Troisième niveau : les morceaux
Enfin, on peut regrouper les segments en trois ensembles, qu’on appellera des "morceaux". Ils peuvent compter un, deux ou trois segments (jamais plus). La Fâtiha compte trois morceaux. Le premier et le troisième de deux segments. Le deuxième d’un seul segment.
Les deux premiers segments sont parallèles, construits de la même manière (AB // A’B’), sauf que le second abrège le premier (ce qui est souvent le cas dans les parallélismes : le second élément du parallélisme est souvent plus court que le premier). Les premiers membres (A//A’) contiennent les mêmes noms divins « le Tout-Puissant, le Miséricordieux ». Les deuxièmes membres (B//B’), un nom divin de souveraineté ("Seigneur" // "Possesseur"), suivi d’un complément : "des mondes" // "du Jour de la Religion".
Les deux derniers segments sont construits en chiasme (AB / B’A’). Les deux termes extrêmes du morceau, dans les membres extrêmes, ont un sens contraire : "guide-nous" ↔ "qui s'égarent". Les deux membres centraux finissent par le même terme "‘alayhim" (traduits différemment en français).
Au centre, le morceau central ne contient qu’un segment.
On a donc affaire à une construction en concentrisme. Comme toujours dans ce genre de constructions, l’élément central est de forme différente des deux volets qu’il sépare (ici, il est nettement plus court), et il fait un lien entre ces deux volets : le premier membre du morceau central, "Toi que nous adorons", renvoie en effet au premier morceau, qui est une prière d’adoration, et le deuxième membre, "Toi dont nous implorons le secours", annonce le dernier morceau, qui est tout entier une prière de demande.

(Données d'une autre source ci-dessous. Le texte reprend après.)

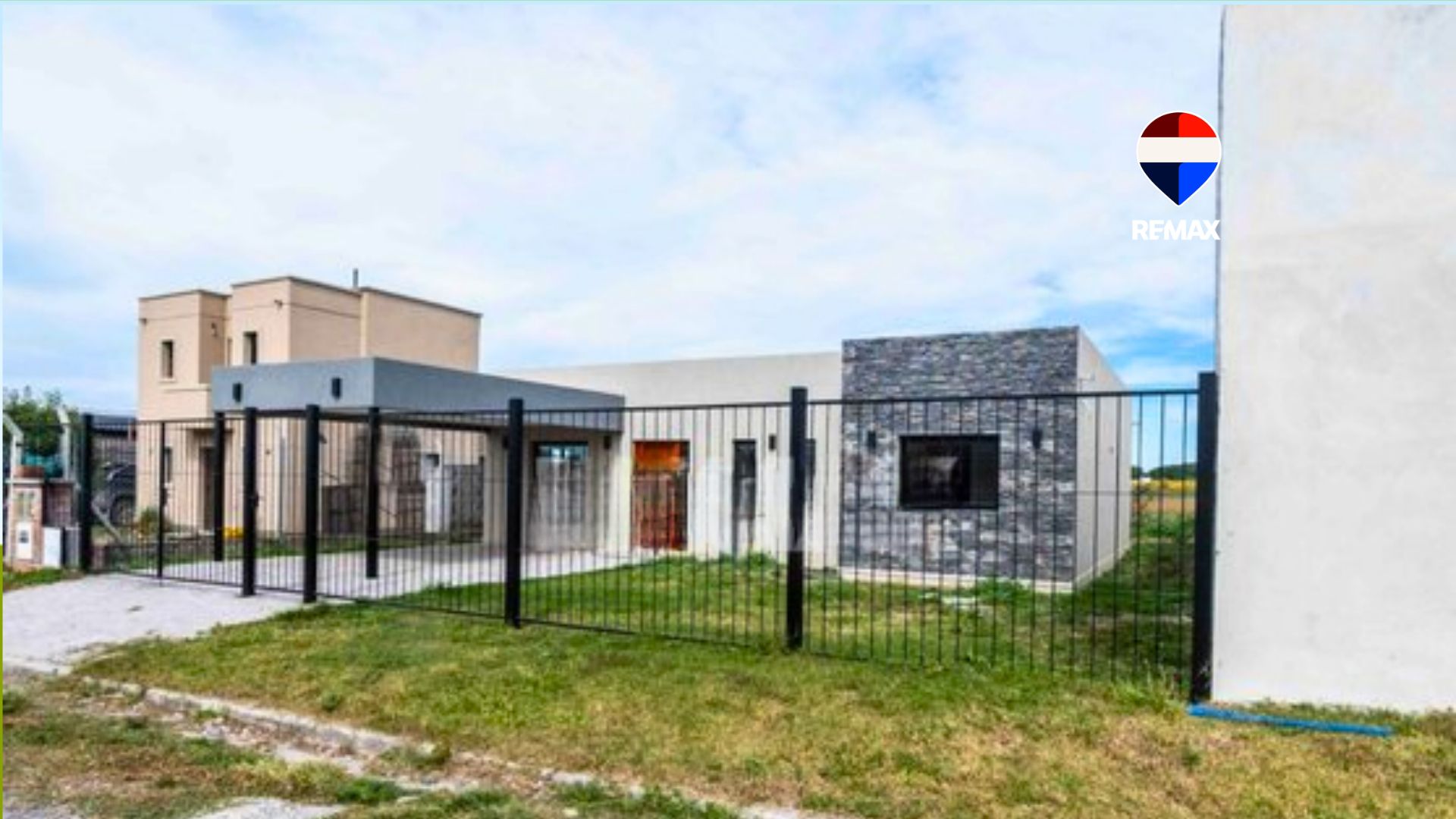VENTA CASA EKO DISTRITO CIRCUNVALACION OESTE - 1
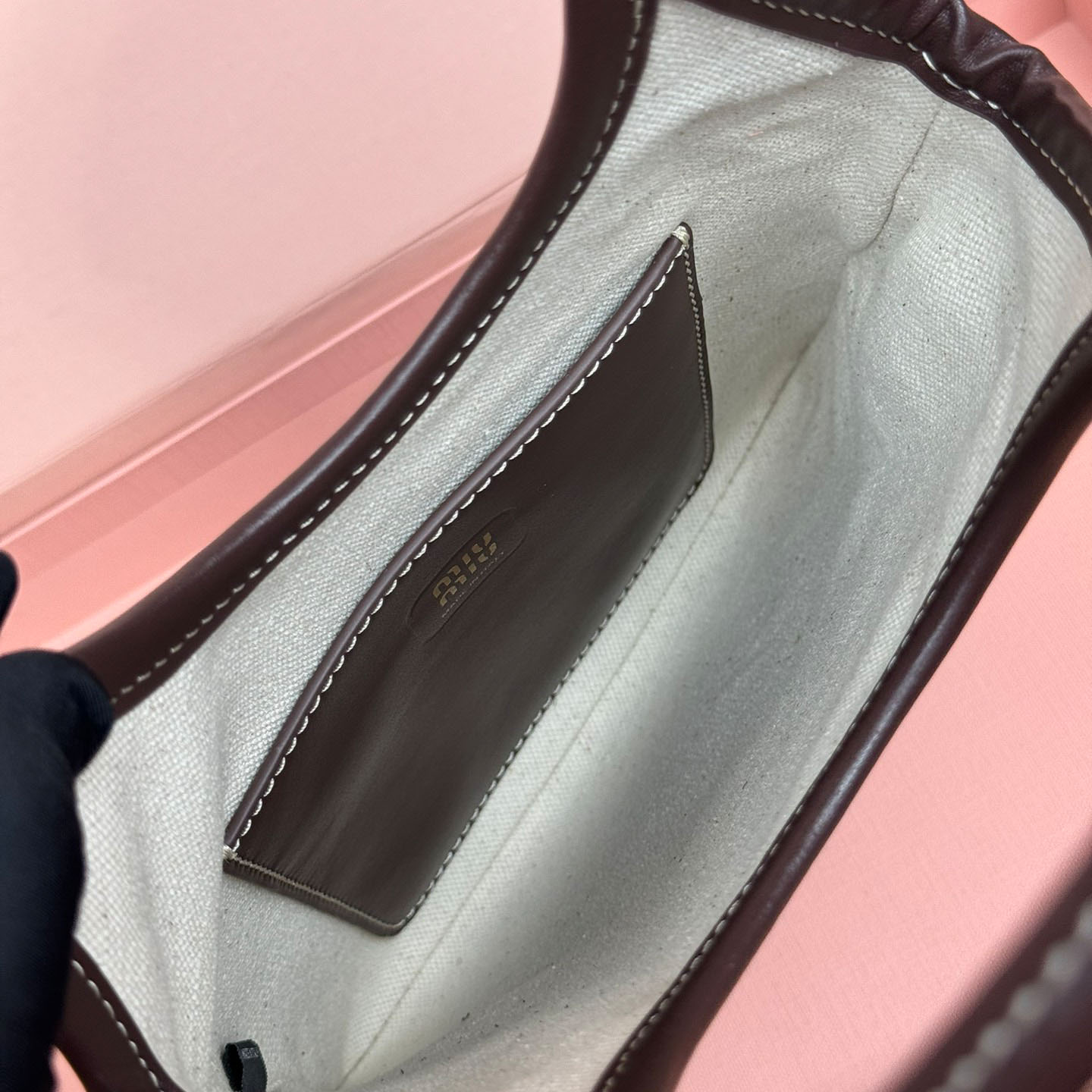 Miu Miu Ivy Leather Handbag - DesignerGu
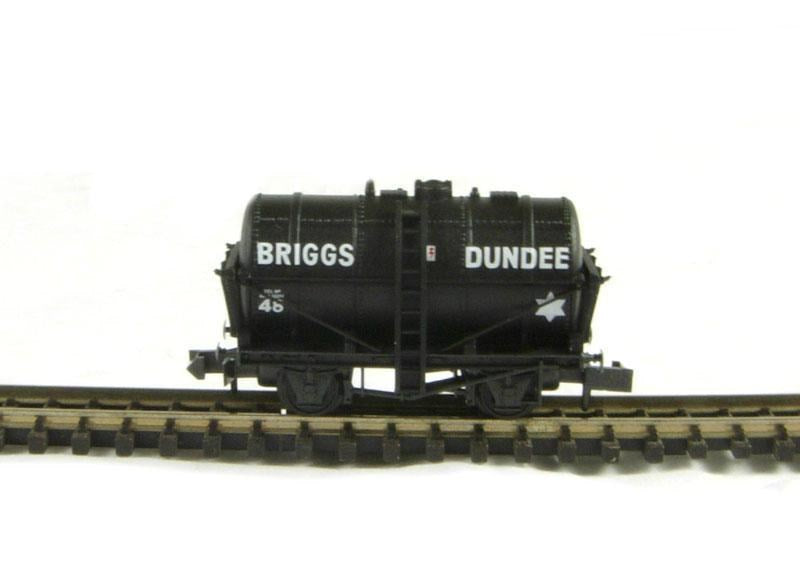 Peco NR-P175C N Briggs of Dundee Tank Wagon No.48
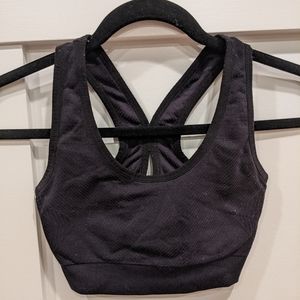 sports bra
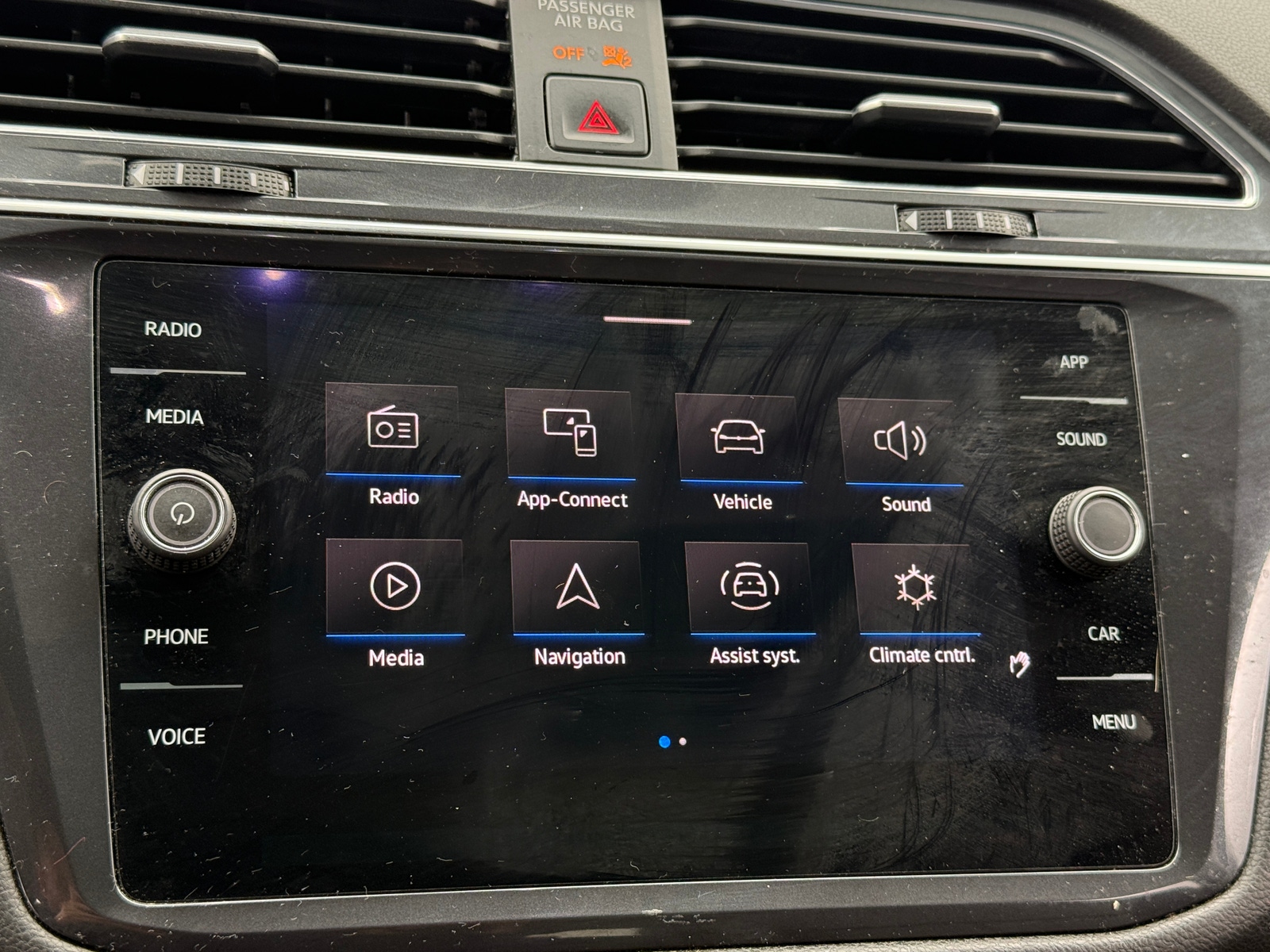 Thumbnail: 2022 Volkswagen Tiguan - 3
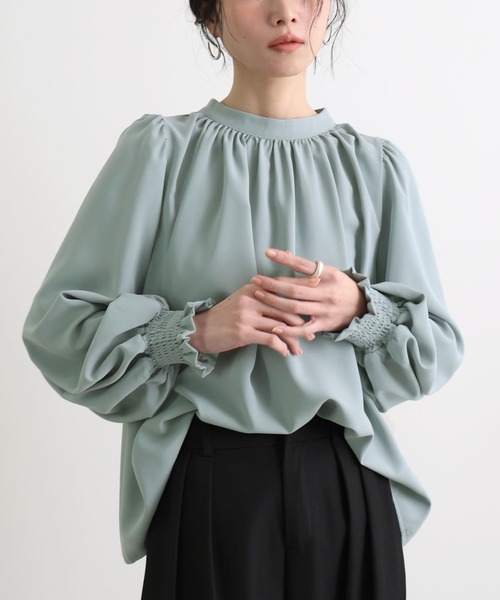 Futier land（フューティアランド）の「【オケージョン対応】EASY CARE上質生地改良オフィスデイリーの大人ブラウス。ハイネックバルーンスリーブブラウス（シャツ/ブラウス・レディース・ブラック/ブラウン/モカ/アイボリー/パープル/グリーン/ワインレッド/ラベンダー/ベージュ系その他/テラコッタ/ライトブラウン/ネイビー/ライトグレー/ブラック系その他/ホワイト系その他/グレイッシュブルー/ブラウン系その他/スモーキーグリーン系・FREE/X-LARGE/LARGE）」の13枚目の写真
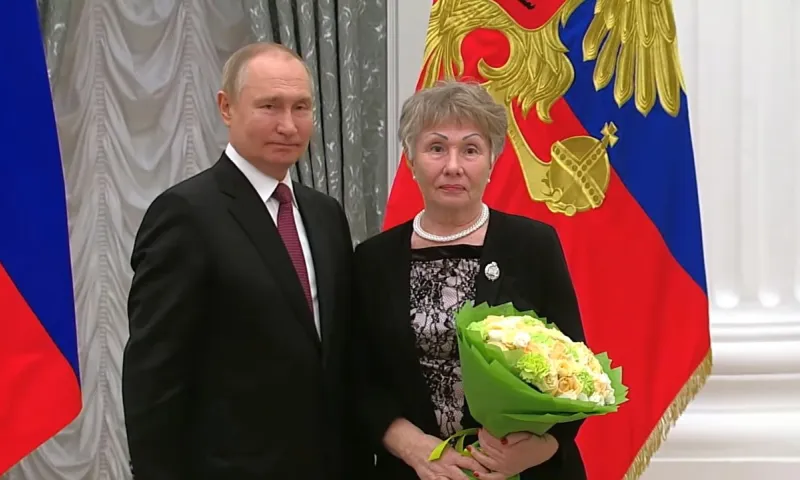 Врач из Алтайского края получила государственную награду от президента России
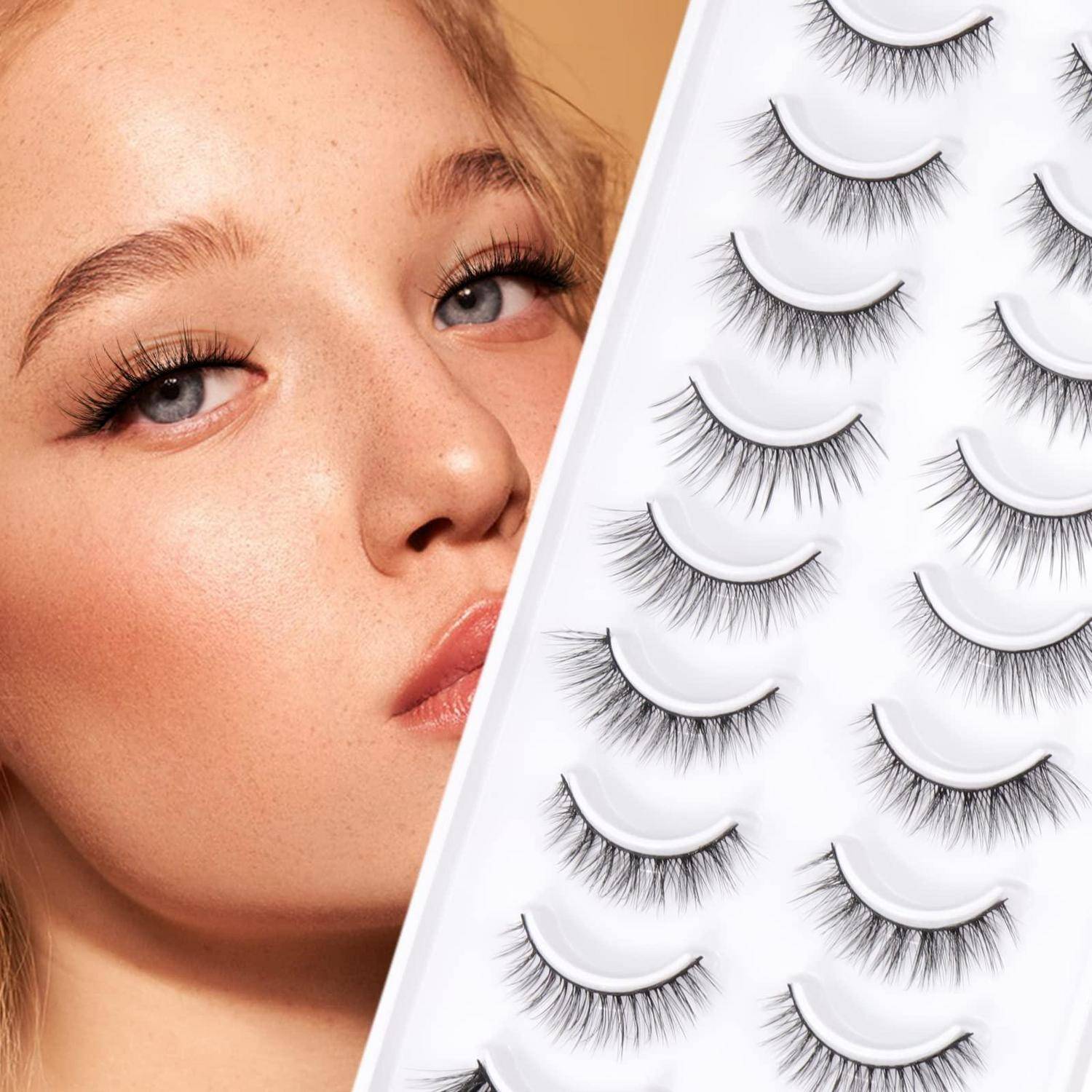 Nahaufnahme eines Frauengesichts neben einer Auswahl von künstlichen Wimpern auf weißem Hintergrund, was auf Wimpernverlängerungen oder eine Schönheitsprodukt-Werbung hindeutet.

On peut encore remarquer le rôle des rimes : les trois morceaux se terminent par la rime en -în (alors que d’autres membres se terminent en -īm). Les deux morceaux extrêmes se terminent en plus par une assonance : iD-DĪN // aD-DāllÎN, des dentales redoublées, suivies de la rime en -īn, ce qui souligne le parallélisme des deux morceaux extrêmes.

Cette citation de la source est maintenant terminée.